Records for the exercise »
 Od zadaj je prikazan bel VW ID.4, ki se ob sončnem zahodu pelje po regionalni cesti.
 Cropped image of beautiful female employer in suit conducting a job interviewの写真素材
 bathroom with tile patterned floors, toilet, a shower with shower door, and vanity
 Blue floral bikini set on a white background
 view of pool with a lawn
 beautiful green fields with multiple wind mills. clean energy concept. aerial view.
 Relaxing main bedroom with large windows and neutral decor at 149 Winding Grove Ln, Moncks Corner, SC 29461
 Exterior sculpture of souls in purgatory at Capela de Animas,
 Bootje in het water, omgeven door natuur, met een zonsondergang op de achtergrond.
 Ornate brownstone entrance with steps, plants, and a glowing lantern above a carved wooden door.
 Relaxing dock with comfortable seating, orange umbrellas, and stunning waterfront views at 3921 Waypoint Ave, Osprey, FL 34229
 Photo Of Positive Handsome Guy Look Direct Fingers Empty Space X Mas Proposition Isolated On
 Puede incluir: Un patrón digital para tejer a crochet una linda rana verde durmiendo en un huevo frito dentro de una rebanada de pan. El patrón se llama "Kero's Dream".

Task item »
Repeat this material verbatim.

Solution to this problem »
 Od zadaj je prikazan bel VW ID.4, ki se ob sončnem zahodu pelje po regionalni cesti.
 Cropped image of beautiful female employer in suit conducting a job interviewの写真素材
 bathroom with tile patterned floors, toilet, a shower with shower door, and vanity
 Blue floral bikini set on a white background
 view of pool with a lawn
 beautiful green fields with multiple wind mills. clean energy concept. aerial view.
 Relaxing main bedroom with large windows and neutral decor at 149 Winding Grove Ln, Moncks Corner, SC 29461
 Exterior sculpture of souls in purgatory at Capela de Animas,
 Bootje in het water, omgeven door natuur, met een zonsondergang op de achtergrond.
 Ornate brownstone entrance with steps, plants, and a glowing lantern above a carved wooden door.
 Relaxing dock with comfortable seating, orange umbrellas, and stunning waterfront views at 3921 Waypoint Ave, Osprey, FL 34229
 Photo Of Positive Handsome Guy Look Direct Fingers Empty Space X Mas Proposition Isolated On
 Puede incluir: Un patrón digital para tejer a crochet una linda rana verde durmiendo en un huevo frito dentro de una rebanada de pan. El patrón se llama "Kero's Dream".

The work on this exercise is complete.